Ghost Process attacks again

Question

Ghost Process attacks again

rogelio.vidaurri

SSCrazy

Points: 2117
More actions
January 23, 2018 at 10:20 am

#327629

Hi,
Every now and then, a process (red arrow) executed by SA in our SQL Server 2012 instance blocks our system. It lasts between 65- 80 minutes.
Image shows 2 processes only for this post's sake: session_id 24 blocking session_id 53.
We never use account SA, we don't have jobs running under those credentials. Nor backups nor anything.
Every time this happens we switch our traffic to our backup SQL Server instance (bidirectional transactional replication) and our system comes back to live immediately.
Any ideas what can be happening?
Today I got to execute sp_Blitz and it detected:
https://www.brentozar.com/blitz/poison-wait-detected/#THREADPOOL
Our CPU Usage was never zero though.
Regards

Viewing 15 posts - 1 through 15 (of 21 total)
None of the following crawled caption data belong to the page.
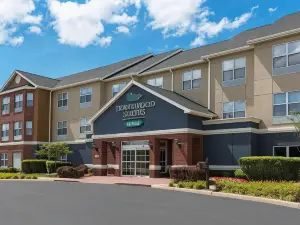 Homewood Suites by Hilton Indianapolis-Airport/Plainfield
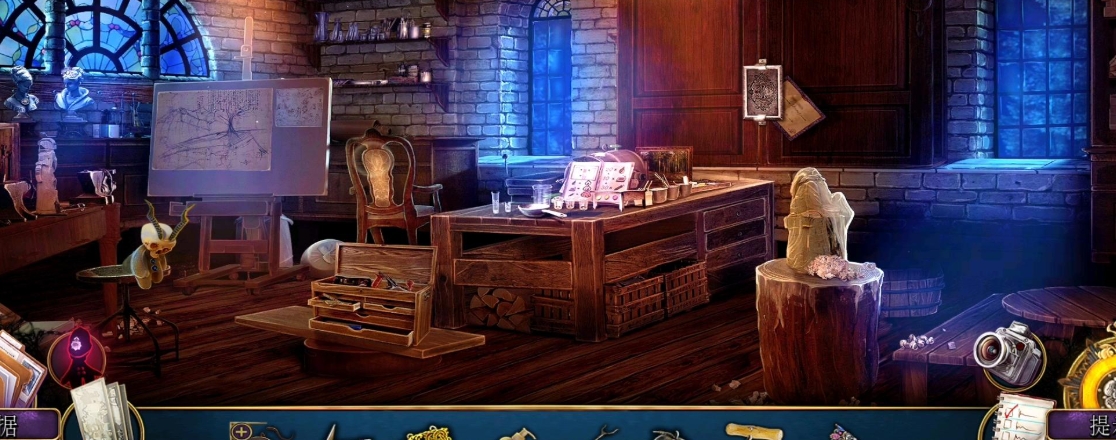 密室逃脱1攻略11关如何上去 密室逃脱1攻略11关如何上去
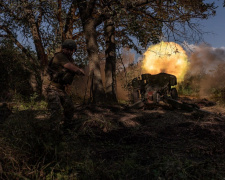 Ворог намагається відновити позиції в районі Урожайного - карта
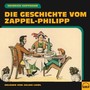 Die Geschichte vom Zappel-Philipp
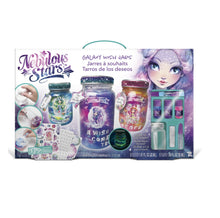 Galaxy Wish Jars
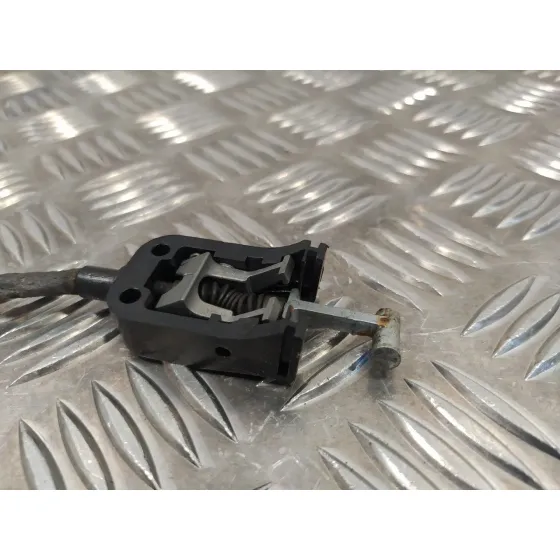 Cerradura Puerta Delantera Izquierda para Volkswagen Polo (6C1)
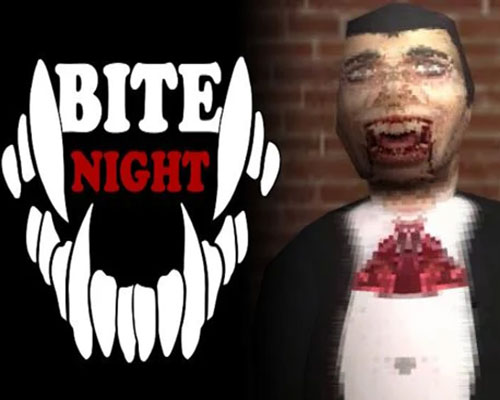 Bite Night PC Free Download (Build 15961295)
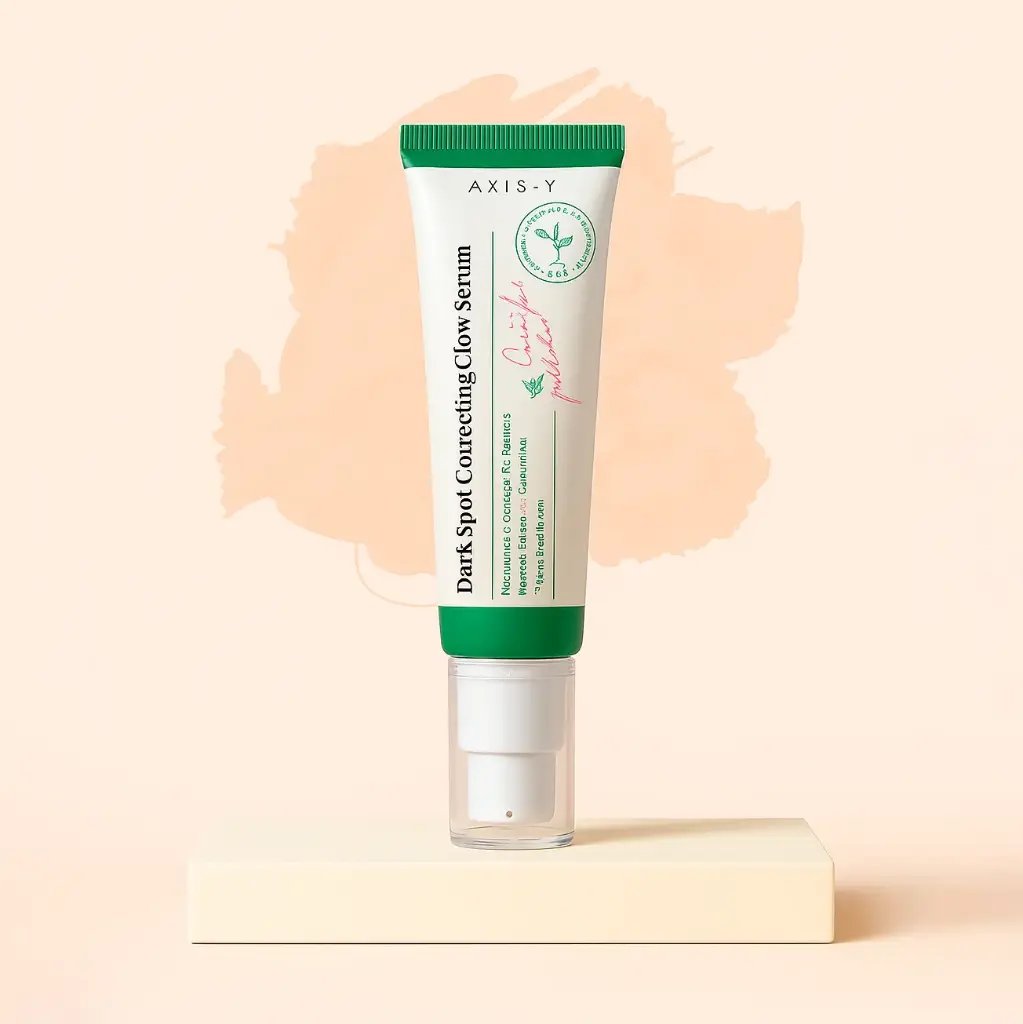 Dark Spot Correcting Glow Serum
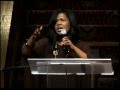 Sermon - CeCe Winans - 2/16/2014 - Christ Church Nashville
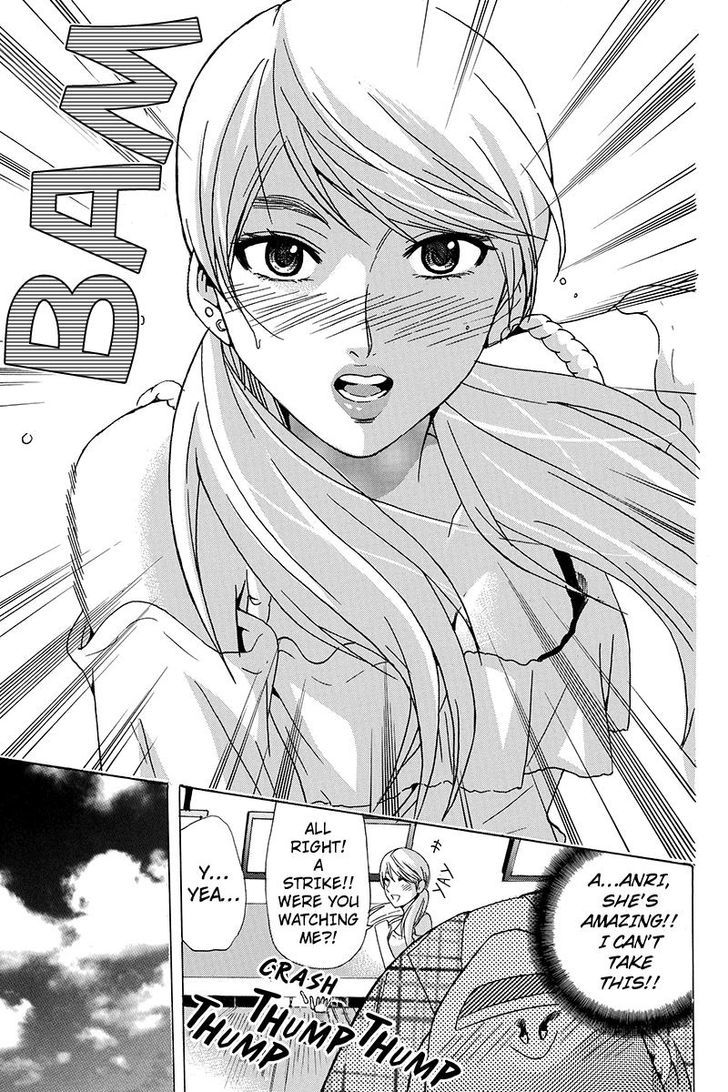 Yugawara-kun wa Ooyamada Danshi Koukou de Moteru Houhou o Kangaeteita ga Chapter 10 page 3 - Chapter 10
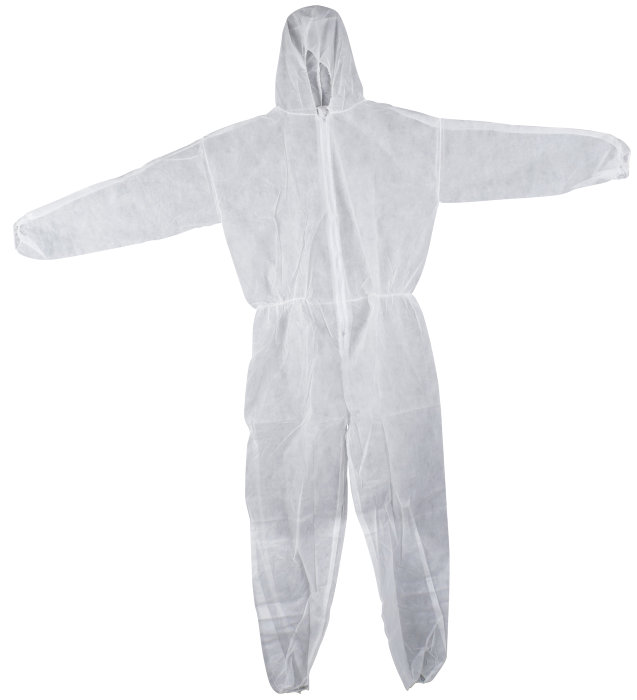 Engångsoverall One Size Stabile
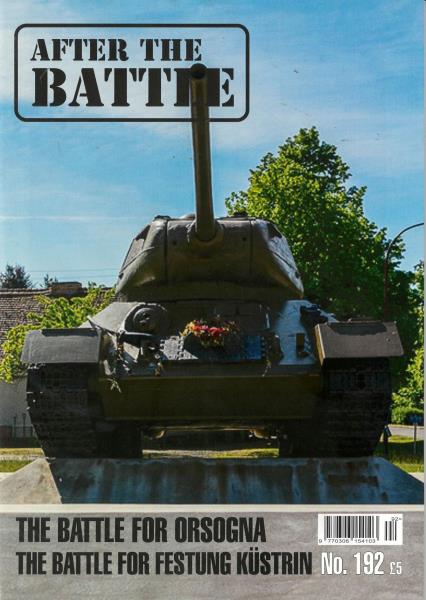 After the Battle Magazine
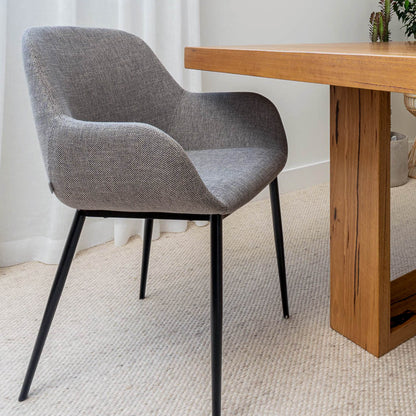 Konna Upholstered Dining Chair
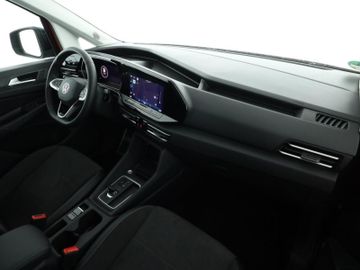 Volkswagen Caddy 1.5TSI DSG STYLE FLÜGELTÜR AHK 5J GARANTIE
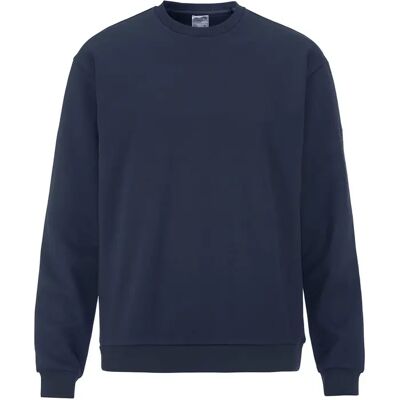 Craft 1915299 Community 2.0 R Col M Homme Marine - Sweatshirt - Publicité Craft 1915299 Community 2.0 R Col M Homme Marine - Sweatshirt - Publicité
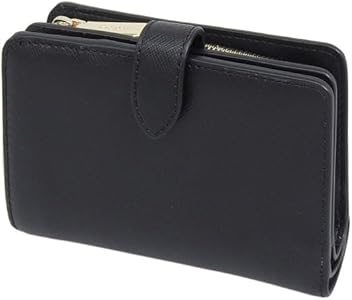 Amazon | [ケイトスペード] 財布 レディース 2つ折り 折財布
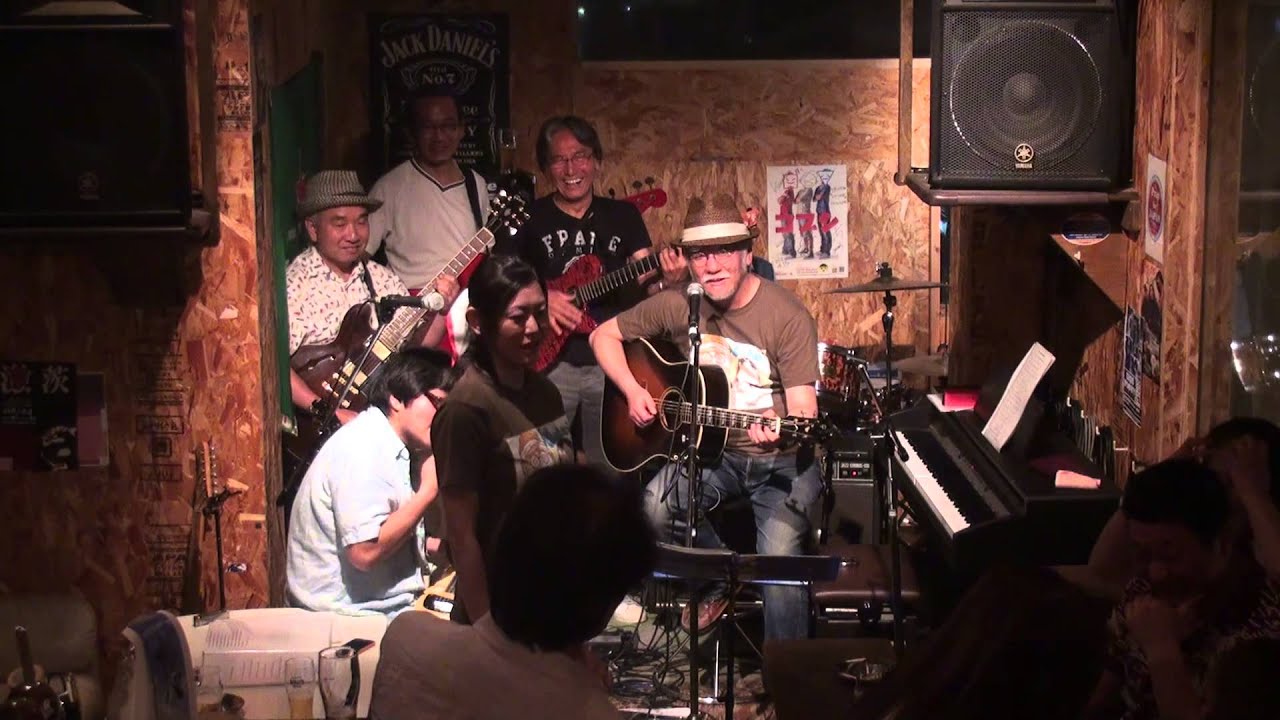 NIWATORIと愉快な仲間達　後半セッション digest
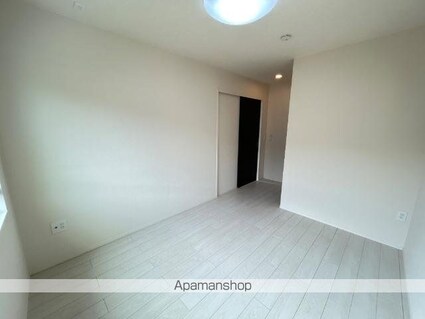 パレス北野[2LDK/65.08m2]の内装4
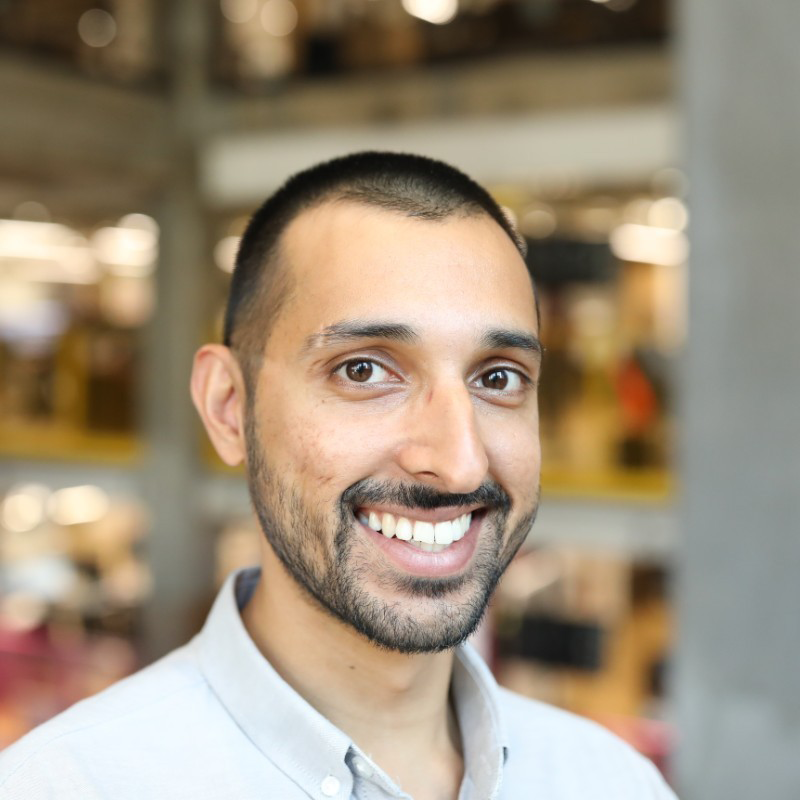 Danny Razo Judge Danny Nagra - Official Judge - Global Performance Marketing Awards
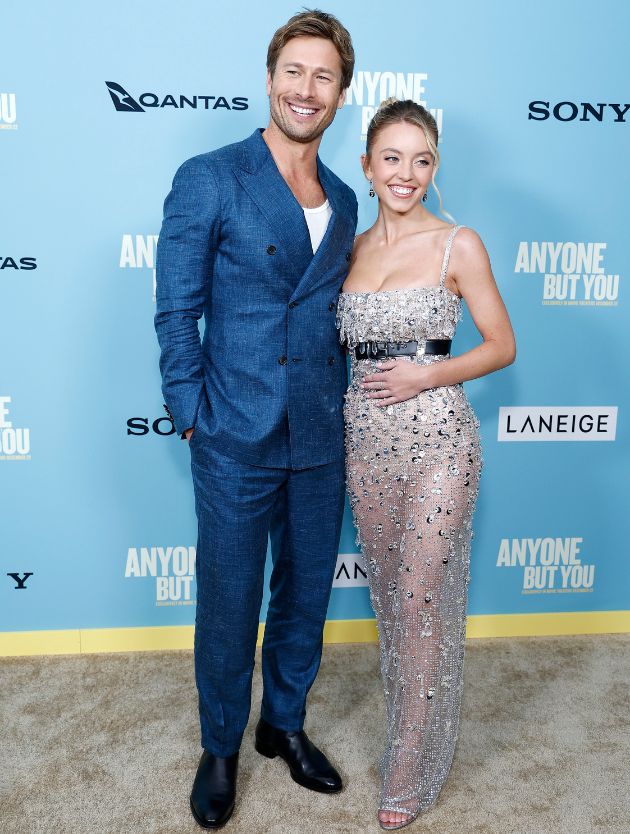 Tutti tranne te, la première della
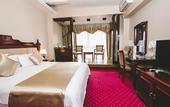Туры в отель Best Western Plus Paramount Hotel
You must be logged in to reply to this topic. Login to reply

RandomStream Hall of Fame Points: 3735 More actions · Answer 1

SPID <=50 are mostly system processes and usually the program_name column should show blank. What was the program name for SPID24?

TheSQLGuru SSC Guru Points: 134017 More actions · Answer 2

There are a large number of things that could be in play here. I don't know that a forum is the place for them because it is an intermittent problem. If you can get a performance tuning professional on standby to RDP into your system while the event is happening it should be possible to isolate a root cause quickly - certainly before the normal event duration elapses.

Did you have any visibility at all to WHAT query(s) were running on spid 24?

Do you have HEAP tables in play?

Could your bi-directional transactional replication be a factor? I have come across that setup (at scale, anyway) precisely twice in ~25 years of consulting on SQL Server, and both were absolute nightmares.

Best,
Kevin G. Boles
SQL Server Consultant
SQL MVP 2007-2012
TheSQLGuru on googles mail service

Eric M Russell SSC Guru Points: 125623 More actions · Answer 3

You can use the following to query details about a session. DBCC INPUTBUFFER will return the last command executed by session, even if the last command completed and the session is not running an active request.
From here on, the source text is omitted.